[Collected data entries]
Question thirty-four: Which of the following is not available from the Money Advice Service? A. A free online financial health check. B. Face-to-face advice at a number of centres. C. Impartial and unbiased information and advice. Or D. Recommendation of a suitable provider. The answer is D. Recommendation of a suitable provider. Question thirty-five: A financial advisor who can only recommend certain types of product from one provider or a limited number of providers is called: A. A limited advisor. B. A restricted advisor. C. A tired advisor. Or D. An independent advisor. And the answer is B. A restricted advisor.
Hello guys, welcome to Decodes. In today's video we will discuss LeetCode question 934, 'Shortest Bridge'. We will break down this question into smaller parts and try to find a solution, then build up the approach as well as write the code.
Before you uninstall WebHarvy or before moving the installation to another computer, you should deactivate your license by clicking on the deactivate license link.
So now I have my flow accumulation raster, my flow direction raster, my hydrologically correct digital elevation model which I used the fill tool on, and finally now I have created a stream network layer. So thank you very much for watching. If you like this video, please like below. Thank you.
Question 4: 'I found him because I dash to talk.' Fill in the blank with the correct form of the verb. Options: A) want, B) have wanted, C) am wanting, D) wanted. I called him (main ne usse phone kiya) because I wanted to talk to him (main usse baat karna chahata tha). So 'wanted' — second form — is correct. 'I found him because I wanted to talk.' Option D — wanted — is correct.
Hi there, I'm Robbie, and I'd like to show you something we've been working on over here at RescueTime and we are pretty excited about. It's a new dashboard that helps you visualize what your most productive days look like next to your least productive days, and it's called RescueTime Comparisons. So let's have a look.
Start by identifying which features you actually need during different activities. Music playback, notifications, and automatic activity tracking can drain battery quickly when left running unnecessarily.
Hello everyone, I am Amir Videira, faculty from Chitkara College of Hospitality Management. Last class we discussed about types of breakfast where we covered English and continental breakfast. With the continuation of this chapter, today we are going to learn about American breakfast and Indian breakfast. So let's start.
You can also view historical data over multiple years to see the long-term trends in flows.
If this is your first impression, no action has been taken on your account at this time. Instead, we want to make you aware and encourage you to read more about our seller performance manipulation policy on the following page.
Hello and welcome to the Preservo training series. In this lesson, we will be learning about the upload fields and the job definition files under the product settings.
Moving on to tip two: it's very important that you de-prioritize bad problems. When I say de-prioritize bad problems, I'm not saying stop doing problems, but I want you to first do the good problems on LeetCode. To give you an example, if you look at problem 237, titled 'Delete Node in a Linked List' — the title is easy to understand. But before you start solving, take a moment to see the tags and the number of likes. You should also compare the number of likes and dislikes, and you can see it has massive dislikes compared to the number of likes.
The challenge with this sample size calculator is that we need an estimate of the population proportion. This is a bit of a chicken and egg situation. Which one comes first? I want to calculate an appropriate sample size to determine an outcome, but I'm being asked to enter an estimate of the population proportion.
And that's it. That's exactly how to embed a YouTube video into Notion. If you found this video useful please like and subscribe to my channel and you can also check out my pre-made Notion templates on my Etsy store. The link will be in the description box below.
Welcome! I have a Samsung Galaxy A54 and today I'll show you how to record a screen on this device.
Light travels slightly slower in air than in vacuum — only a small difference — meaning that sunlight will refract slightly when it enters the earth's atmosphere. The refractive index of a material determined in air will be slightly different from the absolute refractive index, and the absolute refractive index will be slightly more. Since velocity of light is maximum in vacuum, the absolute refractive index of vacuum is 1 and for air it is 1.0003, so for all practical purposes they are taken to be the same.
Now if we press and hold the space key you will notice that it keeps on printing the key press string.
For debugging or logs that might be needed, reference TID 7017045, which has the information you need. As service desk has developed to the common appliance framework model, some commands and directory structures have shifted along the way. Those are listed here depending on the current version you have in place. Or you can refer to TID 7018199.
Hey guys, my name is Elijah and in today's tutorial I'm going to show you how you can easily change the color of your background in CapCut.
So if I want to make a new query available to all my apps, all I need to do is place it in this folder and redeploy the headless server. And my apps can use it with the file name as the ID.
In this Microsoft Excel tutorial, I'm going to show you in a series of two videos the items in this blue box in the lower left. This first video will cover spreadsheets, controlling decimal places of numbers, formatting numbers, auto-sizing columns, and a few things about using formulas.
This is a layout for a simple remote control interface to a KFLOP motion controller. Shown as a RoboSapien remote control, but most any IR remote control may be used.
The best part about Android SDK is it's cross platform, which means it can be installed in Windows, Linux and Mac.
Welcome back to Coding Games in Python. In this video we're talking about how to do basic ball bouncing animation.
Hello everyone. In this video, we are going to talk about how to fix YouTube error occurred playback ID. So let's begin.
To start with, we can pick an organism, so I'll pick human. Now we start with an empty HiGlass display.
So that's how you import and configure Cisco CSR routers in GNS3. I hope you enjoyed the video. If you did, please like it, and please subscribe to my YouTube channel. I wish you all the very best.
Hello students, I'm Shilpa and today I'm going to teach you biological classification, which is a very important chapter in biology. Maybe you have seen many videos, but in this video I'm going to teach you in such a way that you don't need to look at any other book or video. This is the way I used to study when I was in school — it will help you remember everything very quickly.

▶ **Exercise**:
Go line by line through the records and copy those that contain the word "taken".

▶ **Output for this exercise**:
If this is your first impression, no action has been taken on your account at this time. Instead, we want to make you aware and encourage you to read more about our seller performance manipulation policy on the following page.
Light travels slightly slower in air than in vacuum — only a small difference — meaning that sunlight will refract slightly when it enters the earth's atmosphere. The refractive index of a material determined in air will be slightly different from the absolute refractive index, and the absolute refractive index will be slightly more. Since velocity of light is maximum in vacuum, the absolute refractive index of vacuum is 1 and for air it is 1.0003, so for all practical purposes they are taken to be the same.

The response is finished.